Tricky manoeuvres on tax


Finance Minister Michael Noonan, as chairman of the European Union’s finance ministers during Ireland’s time as president of the European council, finds himself in a delicate position today. In his European role, he will chair a meeting of finance ministers to discuss tax evasion and tax avoidance. The meeting takes place against the background of growing public controversy about how multinational companies use jurisdictions, such as Ireland and other low tax countries, to minimise their corporate profits. Mr Noonan may well be reminded of a memorable line in the great Italian novel The Leopard : “If we want things to stay as they are, things will have to change.” Some reform is necessary, but the Government will also be concerned lest any reform seriously threatens the competitive advantage that Ireland enjoys via its low corporate tax rate – on which it heavily relies to underpin national economic recovery.

At a time when austerity forces taxpayers in countries with major fiscal deficits to pay more, international scrutiny has increasingly focussed on major multinationals – notably Google, Amazon and Starbucks – which by skilled use of tax planning and tax avoidance schemes manage to shelter their profits, and to pay less tax. This has, rightly, angered taxpayers. They feel aggressive tax avoidance is anti-social, and unfair. France has challenged Google’s tax status in Ireland, and claimed that the company’s use of transfer pricing – by routing profits from high tax to low tax countries – allows Google to benefit from the low Irish corporate tax rate, at France’s expense. Google, which has located its European base in Dublin, where it employs some 2,000 people, has always claimed that it complies fully with the tax laws of the countries in which it operates. And Mr Noonan, like his predecessors in office, has dismissed any suggestion that Ireland is a tax haven, pointing out that multinationals, like Google, employ thousands of people in their company’s extensive operations in this country.

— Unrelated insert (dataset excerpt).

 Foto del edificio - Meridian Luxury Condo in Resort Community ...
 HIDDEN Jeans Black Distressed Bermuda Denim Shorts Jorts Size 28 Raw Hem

There is now, at EU and international level, a far greater determination than before to tackle tax evasion and tax avoidance. One recent estimate suggests EU member states now lose €1 trillion each year through tax evasion and avoidance. At next week’s summit of EU leaders, the subject will be a major item on the agenda. And tax will also be the main concern at next month’s G8 summit in Northern Ireland, under the British government’s chairmanship. British prime minister David Cameron aims to make both the European Council and the G8 meeting “the turning point in the battle against tax evasion and avoidance”. That, however, will also require governments that have created tax systems, which have greatly encouraged businesses to engage in tax avoidance, now to become first movers in major tax reform. And that will prove hard to achieve.